Thu Nov 4 20:24:00 CET 2010

On Fri, Nov 5, 2010 at 3:51 AM, Tim Hesterberg <timhesterberg at gmail.com> wrote:
> Faye wrote:
>>Our survey is structured as : To be investigated area is divided into
>>6 regions, within each region, one urban community and one rural
>>community are randomly selected, then samples are randomly drawn from
>>each selected uran and rural community.
>>
>>The problems is that in urban/rural stratum, we only have one sample.
>>In this case, how to do bootstrap?
>
> You are lucky that your sample size is 1.  If it were 2 you would
> probably have proceeded without realizing that the answers were wrong.
>
> Suppose you had two samples in each stratum.  If you proceed naturally,
> drawing bootstrap samples of size 2 from each stratum, this would
> underestimate variability by a factor of 2.
>
> In general the ordinary nonparametric bootstrap estimates of variability
> are biased downward by a factor of (n-1)/n -- exactly for the mean,
> approximately for other statistics.  In multiple-sample and stratified
> situations, the bias depends on the stratum sizes.
>
> Three remedies are:
> * draw bootstrap samples of size n-1
> * "bootknife" sampling - omit one observation (a jackknife sample), then
>  draw a bootstrap sample of size n from that
> * bootstrap from a kernel density estimate, with kernel covariance equal
>  to empirical covariance (with divisor n-1) / n.
> The latter two are described in
> Hesterberg, Tim C. (2004), Unbiasing the Bootstrap-Bootknife Sampling vs.

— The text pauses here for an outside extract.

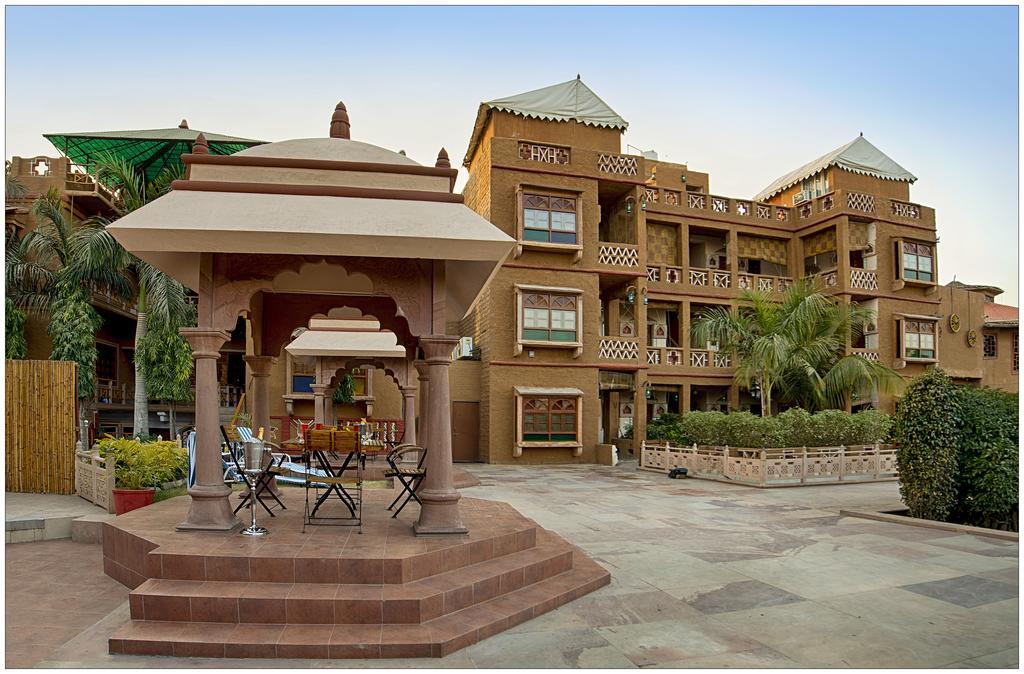 Nirali Dhani Ethnic Heritage And Resort 3*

Smoothing, Proceedings of the Section on Statistics and the Environment, American Statistical Association, 2924-2930.
> http://home.comcast.net/~timhesterberg/articles/JSM04-bootknife.pdf
>
> All three are undefined for samples of size 1.  You need to go to some
> other bootstrap, e.g. a parametric bootstrap with variability estimated
> from other data.
>

And the 'survey' package supplies the first option. (It also supplies
a bootstrap sample of size n that allows finite population
corrections, designed for situations with a large n and a high
sampling fraction, such as some business surveys.)

With a sample size of 1 per stratum there are no design-unbiased
estimators of the standard error, so as others have said you need
external data.

       -thomas

-- 
Thomas Lumley
Professor of Biostatistics
University of Auckland